__Problem to work on__
Only the lines from the one containing "Load image into" through the end of the data are wanted, reproduced exactly and without pictures.

__Data to examine__
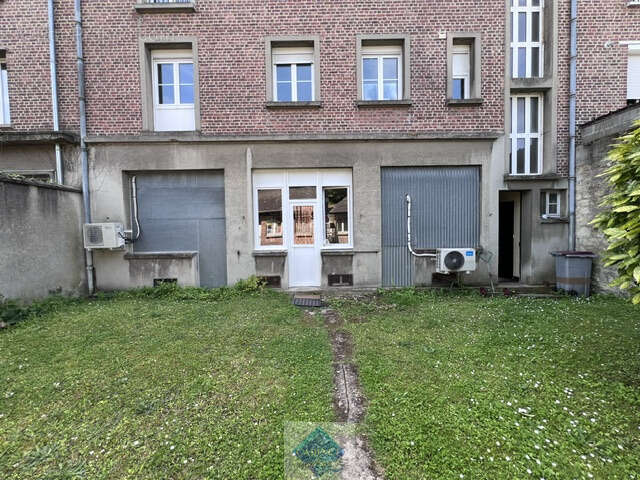 Appartement t4/5 hyper-centre avec dépendance aménageable - photo 16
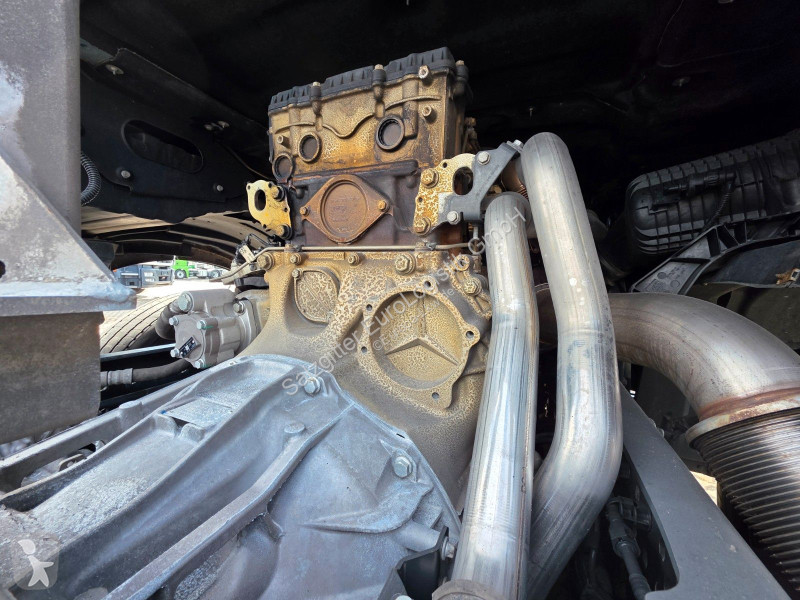 Грузовик Mercedes 2553 | Retarder | Lenkachse |...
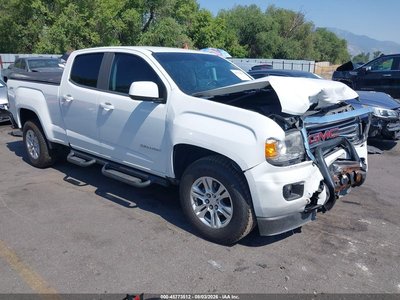 2019 GMC Canyon
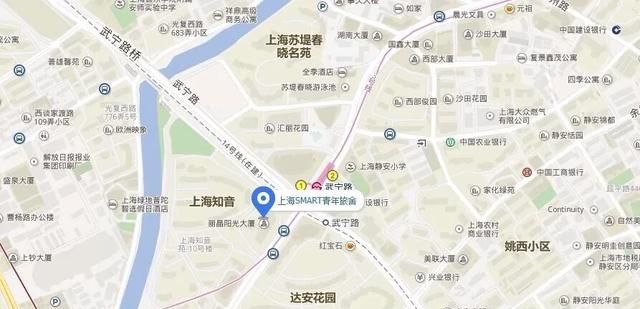 上海有哪些不错的青年旅舍值得推荐的地方图2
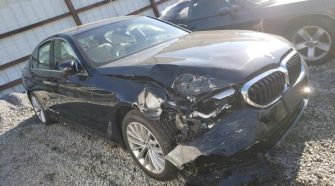 2021 BMW 5 series 2.0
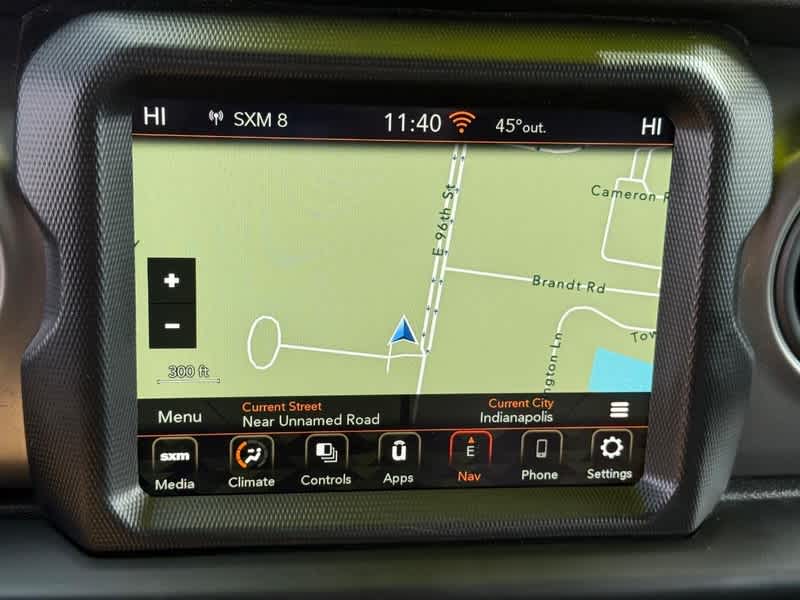 2023 Jeep Wrangler 4xe 4x4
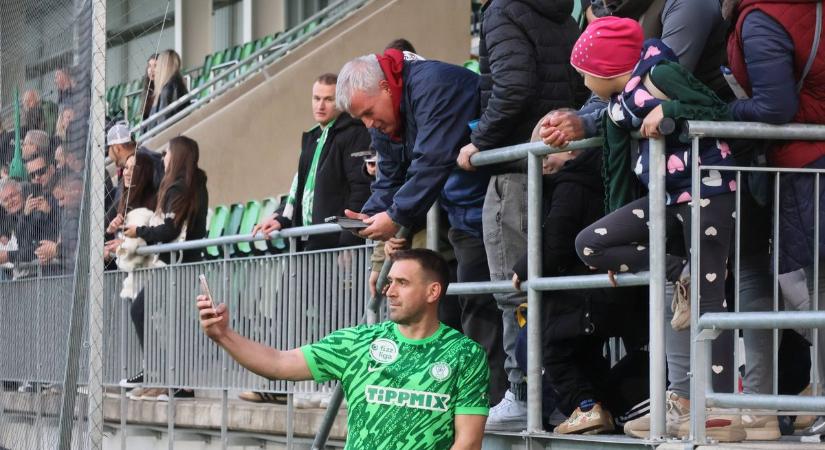 Böde Dániel aranylabdások előtt: a paksi ikon Ronaldót és Benzemát is kenterbe veri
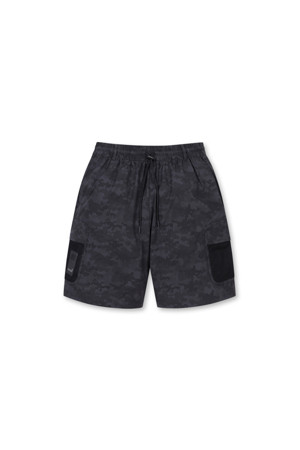 Digi-Camo Woven Shorts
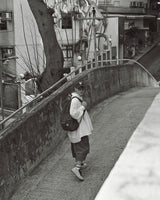 BSTUDIOS_バルーンシャツ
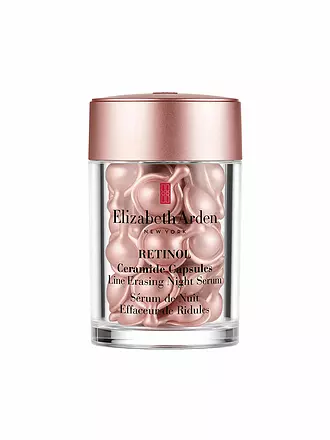 ELIZABETH ARDEN | Ceramide - Retinol Line Erasing Night Serum 30Stk. | keine Farbe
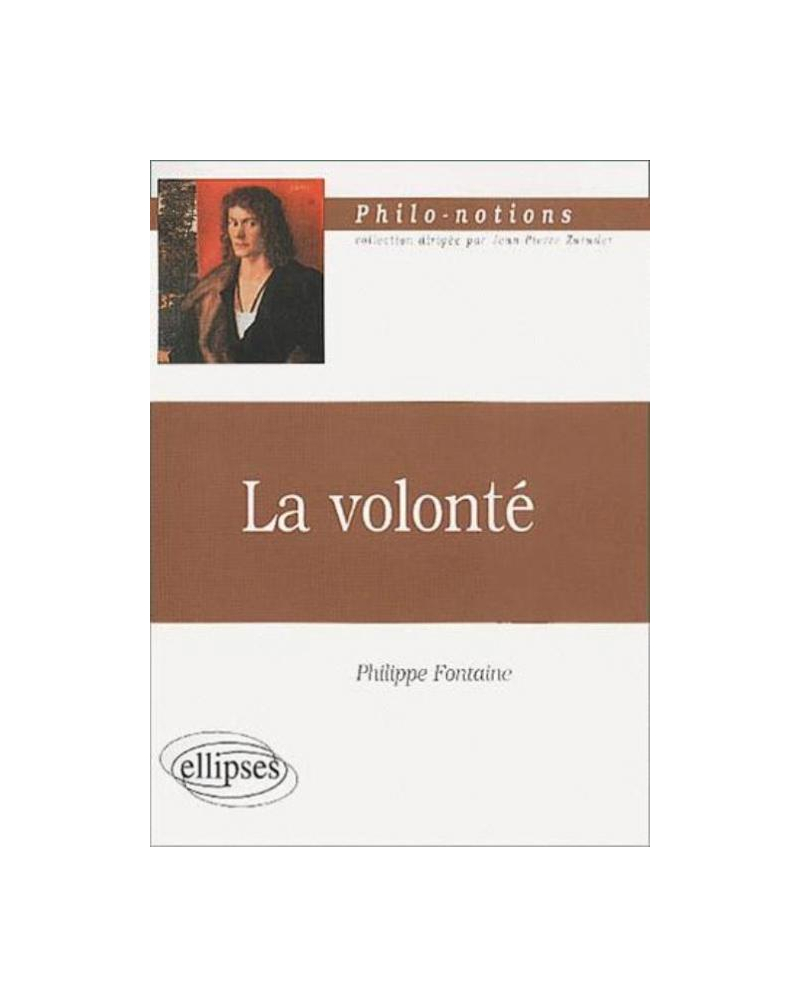 La volonté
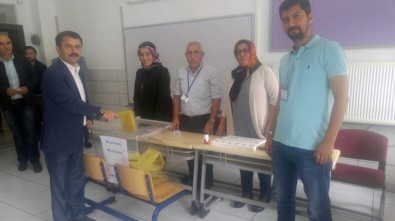 Nevşehir Valisi Aktaş, Oyunu Kullandı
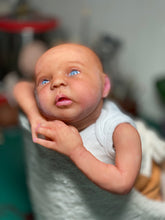 Load image into Gallery viewer, AVAILABLE Prototype partial silicone Mayven  18” in soft blend #1
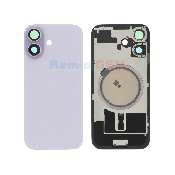 inlocuire capac sticla spate iphone 17 lavender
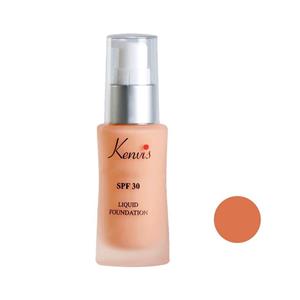 کرم پودر ضد آفتاب دو کاره کنویس 35 میل Kenvis Liquid Foundation SPF 30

__Result__
 Load image into Gallery viewer, AVAILABLE Prototype partial silicone Mayven  18” in soft blend #1
 inlocuire capac sticla spate iphone 17 lavender
 کرم پودر ضد آفتاب دو کاره کنویس 35 میل Kenvis Liquid Foundation SPF 30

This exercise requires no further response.